Testing the FDM algorithm on experimental data

Introduction

The Filter Diagonalisation Method (FDM) can be used to find oscillator frequencies, amplitudes and phases in a recorded signal generated as a sum of the individual oscillators. One implementation of this algorithm is provided as the harminv program in Ubuntu, written by S. G. Johnson.

A similar operation can be done using the well-known Fourier transform of the signal, however, the FDM can give good results even when 1) the time record is short, 2) many oscillators are used in noisy signal, 3) weak signals are superposed on top of much stronger signals of similar frequency.

Testing on analytic data with near peaks

On the following figure, the above plot shows the rather short record of the time evolution of the input signal. The bottom plot shows: its spectrum (Fourier transform, blue line), the original oscillator frequencies (red vertical lines), peaks found in the Fourier spectrum (violet triangles) and finally, the frequencies perfectly found by running Harminv.

Obviously, Harminv gave much more accurate results than FFT, exactly finding the center frequencies of the oscillators provided, althought the central oscillator was much stronger than two on its sides.

It ought to be noted, however, that this was rather optimum setup for FDM in order to show its capabilities.
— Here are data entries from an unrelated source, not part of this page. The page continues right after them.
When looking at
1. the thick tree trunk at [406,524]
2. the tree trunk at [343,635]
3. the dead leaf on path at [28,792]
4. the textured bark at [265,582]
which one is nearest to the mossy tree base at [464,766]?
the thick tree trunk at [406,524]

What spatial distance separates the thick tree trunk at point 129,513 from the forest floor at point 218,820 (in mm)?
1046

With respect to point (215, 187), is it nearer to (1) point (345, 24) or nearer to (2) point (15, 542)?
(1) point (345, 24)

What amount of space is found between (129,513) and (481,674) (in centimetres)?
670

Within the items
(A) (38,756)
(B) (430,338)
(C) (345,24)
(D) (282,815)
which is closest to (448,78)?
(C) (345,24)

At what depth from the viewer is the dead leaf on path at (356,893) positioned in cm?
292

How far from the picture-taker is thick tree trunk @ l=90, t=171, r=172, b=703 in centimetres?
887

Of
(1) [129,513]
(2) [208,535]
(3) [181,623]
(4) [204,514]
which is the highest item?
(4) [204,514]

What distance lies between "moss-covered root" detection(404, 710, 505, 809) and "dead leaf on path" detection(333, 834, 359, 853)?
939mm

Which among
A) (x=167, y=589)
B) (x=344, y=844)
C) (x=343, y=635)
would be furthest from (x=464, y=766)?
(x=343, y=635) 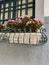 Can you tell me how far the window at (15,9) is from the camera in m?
3.24

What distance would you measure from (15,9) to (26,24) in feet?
2.54

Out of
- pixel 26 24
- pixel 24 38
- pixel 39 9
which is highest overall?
pixel 39 9

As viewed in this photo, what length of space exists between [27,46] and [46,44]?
1.13 ft

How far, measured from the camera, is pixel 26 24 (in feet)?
9.19

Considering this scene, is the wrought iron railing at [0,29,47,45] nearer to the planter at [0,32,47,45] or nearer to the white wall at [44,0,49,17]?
the planter at [0,32,47,45]

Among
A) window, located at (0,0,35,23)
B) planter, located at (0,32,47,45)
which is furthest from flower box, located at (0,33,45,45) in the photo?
window, located at (0,0,35,23)

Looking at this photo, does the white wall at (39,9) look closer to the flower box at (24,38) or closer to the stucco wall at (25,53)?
the stucco wall at (25,53)

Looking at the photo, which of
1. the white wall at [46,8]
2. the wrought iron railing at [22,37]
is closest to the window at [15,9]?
the white wall at [46,8]

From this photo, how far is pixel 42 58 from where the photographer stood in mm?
2861

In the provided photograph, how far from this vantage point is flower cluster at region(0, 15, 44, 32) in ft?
9.04

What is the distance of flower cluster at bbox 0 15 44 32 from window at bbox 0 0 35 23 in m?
0.35

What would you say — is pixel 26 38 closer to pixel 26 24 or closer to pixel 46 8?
pixel 26 24

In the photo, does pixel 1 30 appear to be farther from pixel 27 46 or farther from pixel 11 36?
pixel 27 46

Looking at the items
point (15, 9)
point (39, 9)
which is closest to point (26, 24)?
point (39, 9) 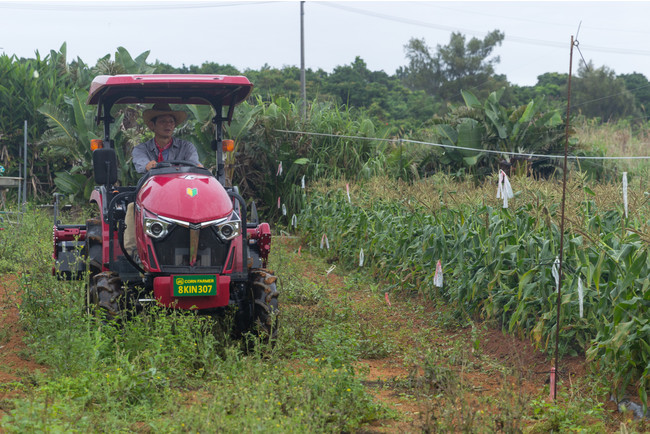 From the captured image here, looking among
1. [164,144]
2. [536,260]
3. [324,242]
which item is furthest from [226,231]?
[324,242]

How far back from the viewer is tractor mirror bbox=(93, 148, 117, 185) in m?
6.45

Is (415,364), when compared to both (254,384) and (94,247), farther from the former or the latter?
(94,247)

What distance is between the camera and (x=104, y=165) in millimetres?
6484

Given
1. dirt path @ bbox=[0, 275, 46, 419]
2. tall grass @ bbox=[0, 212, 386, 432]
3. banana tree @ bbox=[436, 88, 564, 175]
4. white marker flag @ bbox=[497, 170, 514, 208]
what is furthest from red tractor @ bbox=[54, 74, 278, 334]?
banana tree @ bbox=[436, 88, 564, 175]

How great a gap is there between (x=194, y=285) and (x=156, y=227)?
0.56 metres

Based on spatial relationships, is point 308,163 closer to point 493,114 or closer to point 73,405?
point 493,114

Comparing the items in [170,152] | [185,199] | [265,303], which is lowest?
[265,303]

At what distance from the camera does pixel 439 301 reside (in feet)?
27.3

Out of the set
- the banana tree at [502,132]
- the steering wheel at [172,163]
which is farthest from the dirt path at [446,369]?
the banana tree at [502,132]

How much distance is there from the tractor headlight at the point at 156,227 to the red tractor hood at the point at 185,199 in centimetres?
8

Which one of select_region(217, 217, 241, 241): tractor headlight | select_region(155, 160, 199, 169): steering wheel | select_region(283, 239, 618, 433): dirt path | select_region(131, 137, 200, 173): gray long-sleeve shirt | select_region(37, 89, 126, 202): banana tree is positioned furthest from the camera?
select_region(37, 89, 126, 202): banana tree

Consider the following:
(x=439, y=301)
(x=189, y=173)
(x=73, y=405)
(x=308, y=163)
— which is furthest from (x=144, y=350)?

Further changing the parameters (record length, record sampling, oscillator frequencies etc.) can randomly result in FDM "forgetting" or "merging" some of the oscillators.

Sources for this test

The Python script that generates the data and runs harminv can be downloaded here:
testing_harminv.py
Download it and run python ./testing_harminv.py . Computation time is negligible.

Testing on experimental spectra of water vapour

In the following, we use a similar approach to a short time-domain terahertz spectroscopy (TDTS) record of terahertz spectra of ca. 70 cm of air in the laboratory, as is shown by the thick green line in the first subplot of the figure.


above: The time-domain record of the input data (thick green line); the exponentially decaying part used for the computation,
bottom: Fourier transform of the signal (orange line), oscillator frequencies found by harminv (blue stars) and reconstructed signal build by these oscillators (blue curve). Individual Lorentzian oscillators plot as thin blue lines.

The ringing after the pump pulse corresponds to the water vapor absorption spectra. We cut the first transient peak so that the processed signal is not dominated by broadband pumping.

Both Fourier transform and FDM were used to separate the resonant peaks. While Fourier transform gives only a very rough spectrum, FDM detected these frequencies of oscillators [THz]:

    0.62562     0.75036         1.073696                    1.409286 (...)
Experimental resonances from Exter M., et al.,: "Terahertz time-domain spectroscopy of water vapor":
    0.558       0.753  0.989    1.099   1.115 1.165 1.209   1.412

We can see that FDM detected peaks with good accuracy even from very short experimental data. Only the very weak oscillators around 1 THz were not detected in the signal.

Sources for this test

The input file and the script. Download both files and run python airspec.py.